Search code examples
postgresqlconcatenationwindow-functionscase-when

Concatenate string by a condition


I want to assign a value to a new column based on a condition for other rows associated with a user_id.

e.g. when a device changes from desktop to mobile, then assign desktop > mobile to all records for that user_id. When there are more than two distinct changes, like from tablet to desktop and desktop to mobile, then tablet > desktop > mobile

Here is the sample data:

+---------+-------+---------+
| user_id | step  | device  |
+---------+-------+---------+
| 7bc6de  | step1 | desktop |
| 7bc6de  | step2 | desktop |
| 7bc6de  | step3 | mobile  |
| 7bc6de  | step4 | mobile  |
| 7bc6de  | step5 | desktop |
| 0ee6df  | step1 | tablet  |
| 0ee6df  | step2 | tablet  |
| 0ee6df  | step3 | desktop |
| 0ee6df  | step4 | desktop |
| 0ee6df  | step5 | mobile  |
+---------+-------+---------+

Desired output:

+---------+-------+---------+---------------------------+
| user_id | step  | device  |    device_concatenated    |
+---------+-------+---------+---------------------------+
| 7bc6de  | step1 | desktop | desktop > mobile          |
| 7bc6de  | step2 | desktop | desktop > mobile          |
| 7bc6de  | step3 | mobile  | desktop > mobile          |
| 7bc6de  | step4 | mobile  | desktop > mobile          |
| 7bc6de  | step5 | desktop | desktop > mobile          |
| 0ee6df  | step1 | tablet  | tablet > desktop > mobile |
| 0ee6df  | step2 | tablet  | tablet > desktop > mobile |
| 0ee6df  | step3 | desktop | tablet > desktop > mobile |
| 0ee6df  | step4 | desktop | tablet > desktop > mobile |
| 0ee6df  | step5 | mobile  | tablet > desktop > mobile |
+---------+-------+---------+---------------------------+

Additional scenario:

In the table, there're duplicate steps, i.e. a user can see the same step with different devices at different times. In this case, how can I get the first step per user and device with the change like below in the expected outcome?

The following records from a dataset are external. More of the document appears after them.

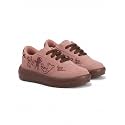 TRYME Womens Stylish Platform Sneakers Cute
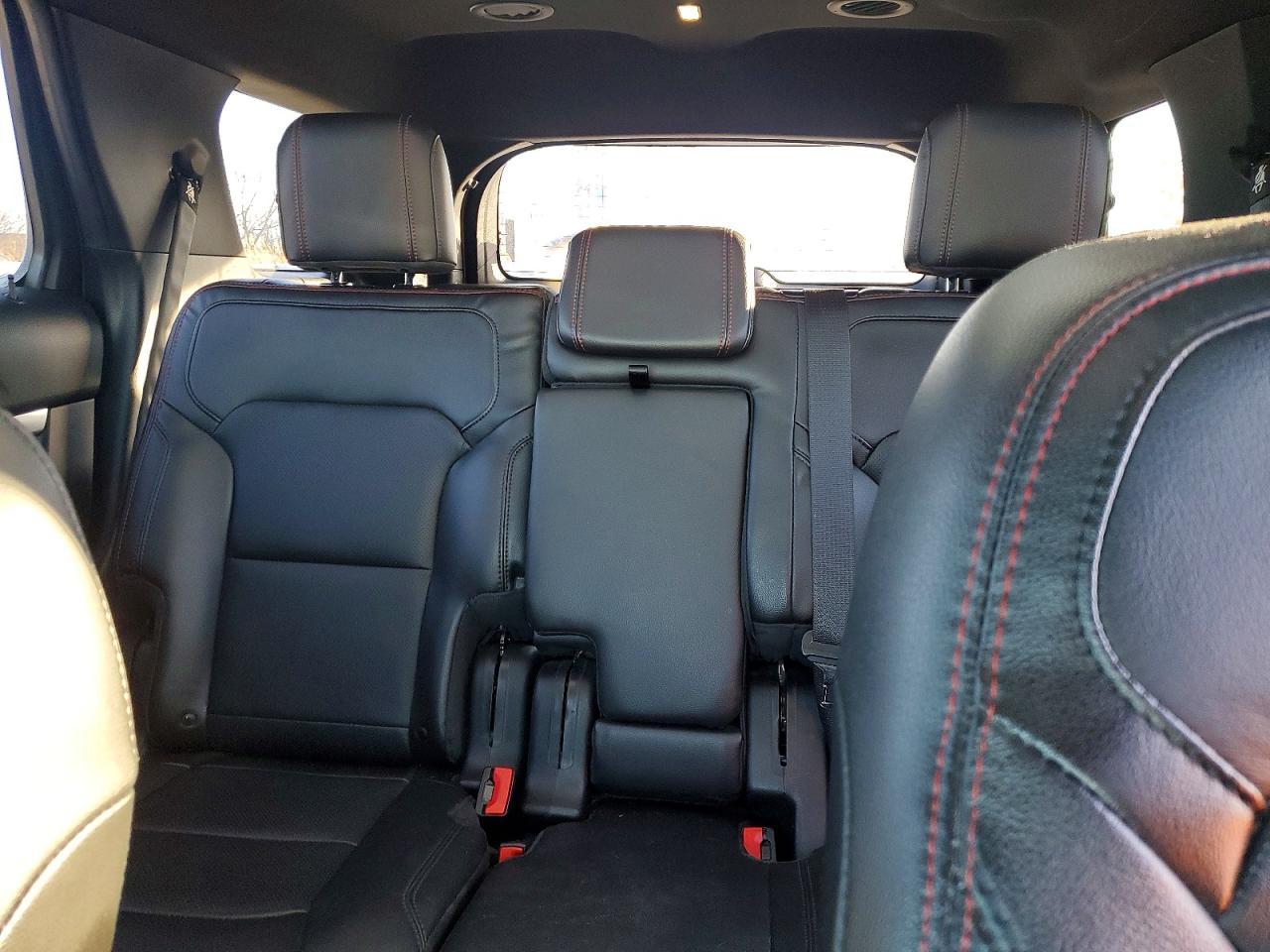 2018 FORD Explorer Sport Trac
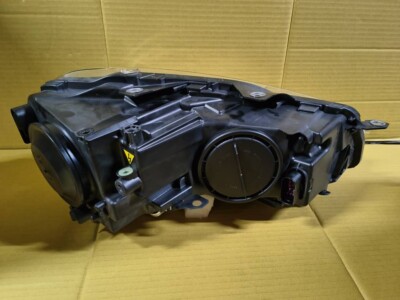 100% GENUINE ORIGINAL VOLKSWAGEN GOLF MK6 LED HEADLIGHT LH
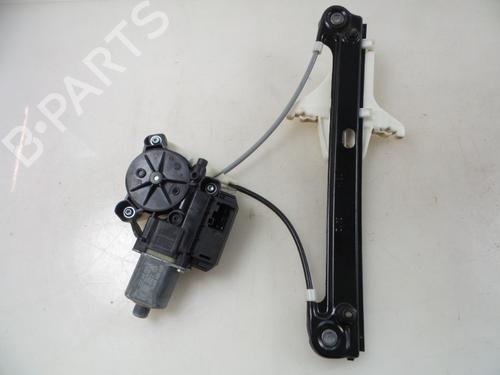 Used Rear left window mechanism VW POLO V (6R1, 6C1) 1.2 TSI (110 hp) 22478238
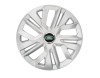 Set 4 capace roti 16`` Raven Gri, Compatibile cu Land Rover, Autohelix MSA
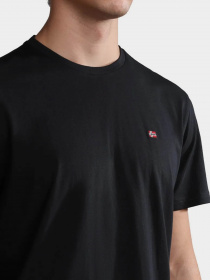 Футболка Napapijri Salis Ss Sum модель NP0A4H8D0411 Фото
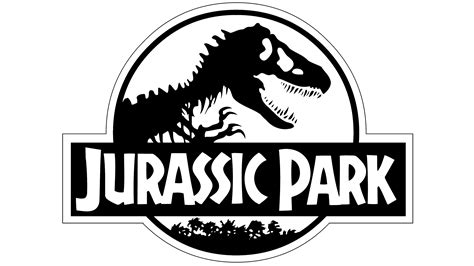 Jurassic Park Logo And Symbol Meaning History Png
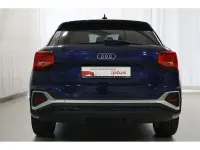 Gebraucht Audi Q2 S-Line 150 PS (110 kW) 2023 Blau SUV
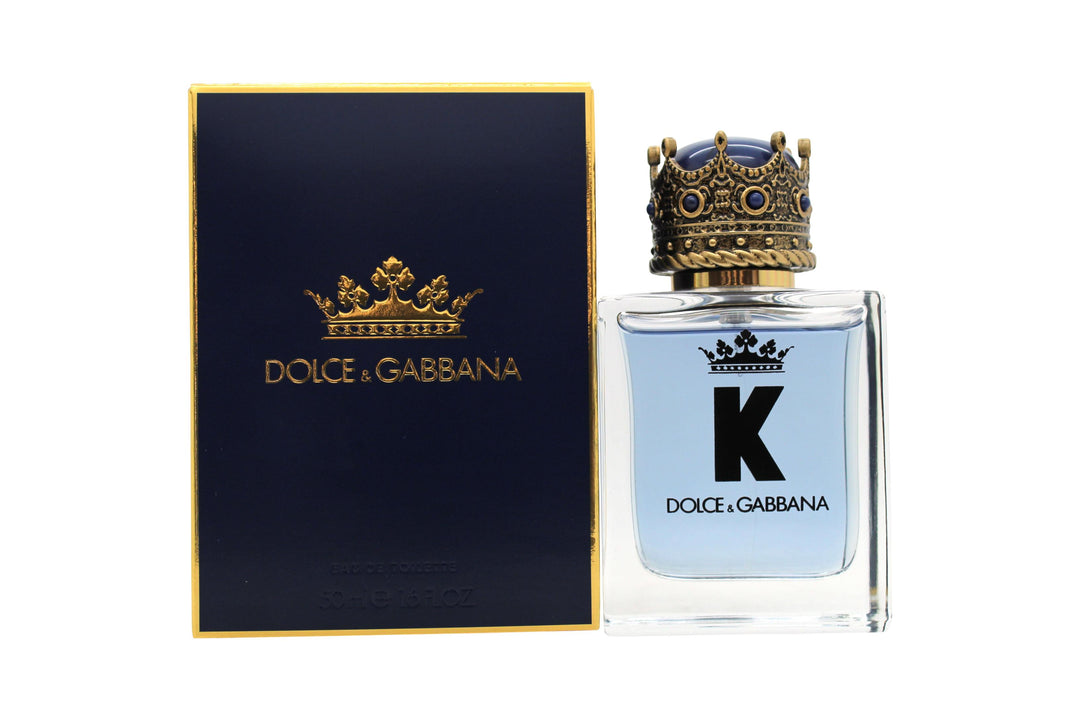 Dolce & Gabbana K Eau de Toilette 50ml Spray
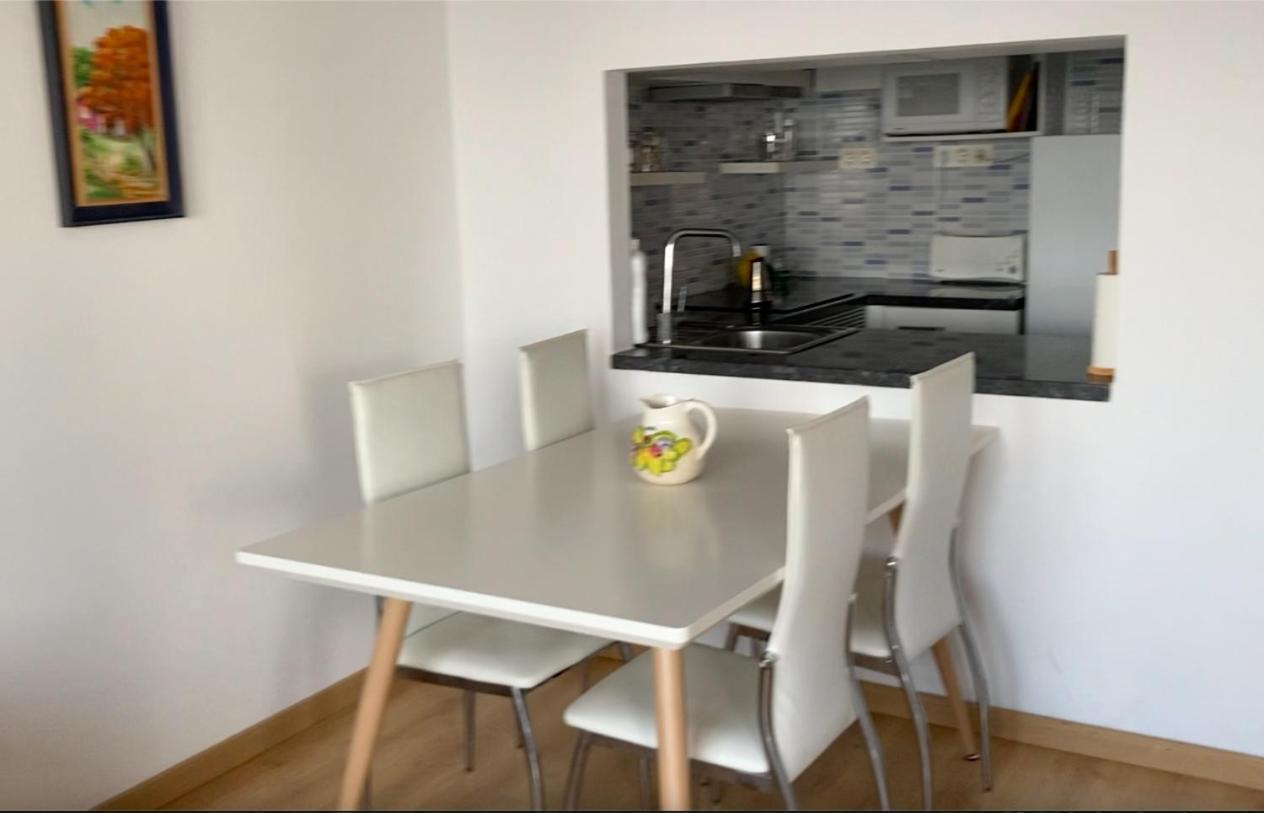 Apartamento 1ª Linea De Mar 알메리아 외부 사진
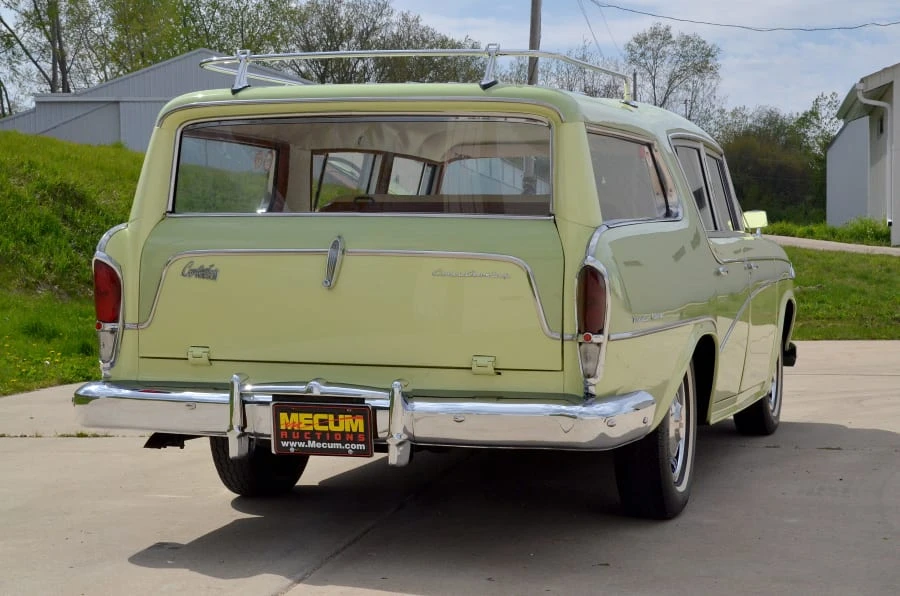 1956 Hudson - Image 7 of 8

+---------+-------+---------------------+---------+
| user_id | step  |     created_at      | device  |
+---------+-------+---------------------+---------+
| user1   | step1 | 2021-03-16 14:03:16 | mobile  |
| user1   | step2 | 2021-03-16 14:04:07 | mobile  |
| user1   | step2 | 2021-03-16 14:03:47 | desktop |
| user1   | step3 | 2021-03-16 14:03:55 | mobile  |
| user1   | step3 | 2021-03-16 14:04:00 | mobile  |
| user1   | step1 | 2021-03-16 14:04:02 | desktop |
| user1   | step2 | 2021-03-16 14:03:16 | mobile  |
| user1   | step3 | 2021-03-16 14:04:07 | mobile  |
| user1   | step4 | 2021-03-16 14:04:08 | desktop |
| user1   | step4 | 2021-03-16 14:04:09 | tablet  |
+---------+-------+---------------------+---------+

The expected result:

+---------+-------+---------------------+---------+---------------------+
| user_id | step  |     created_at      | device  | device_concatenated |
+---------+-------+---------------------+---------+---------------------+
| user1   | step1 | 2021-03-16 14:03:16 | mobile  | mobile > desktop    |
| user1   | step2 | 2021-03-16 14:03:16 | mobile  | mobile > desktop    |
| user1   | step3 | 2021-03-16 14:03:55 | mobile  | mobile > desktop    |
| user1   | step4 | 2021-03-16 14:04:08 | desktop | mobile > desktop    |
+---------+-------+---------------------+---------+---------------------+

Solution

  • https://www.db-fiddle.com/f/ooSmXAxqVHNxqD8sJ6wZfr/0

    with first_seen_per_user_and_device AS (
    select user_id, device, min(step) first_seen_step
    from input_data
    group by user_id, device
    ),
    user_to_devices as(
    SELECT user_id, array_to_string(
      array_agg(device order by first_seen_step), ' > ') device_concatenated
      from first_seen_per_user_and_device
    group by 1
    )
    SELECT input_data.*, device_concatenated 
    from input_data
    join user_to_devices
      ON user_to_devices.user_id = input_data.user_id;
    

    If it's possible for the same user & step to be seen with multiple devices, you'll want to add an additional WITH clause to pick only the one you want (eg, the earliest one), using a SELECT DISTINCT:

    https://www.db-fiddle.com/f/w9ZRvpQ7KXgdVKCTDAb43o/0

    WITH input_data as (
      select distinct on (user_id, step) user_id, step, created_at, device
      from input_data_with_created_at
      ORDER BY user_id, step, created_at
    ), 
    (...) -- Rest of the CTEs, same as before but with timestamp included.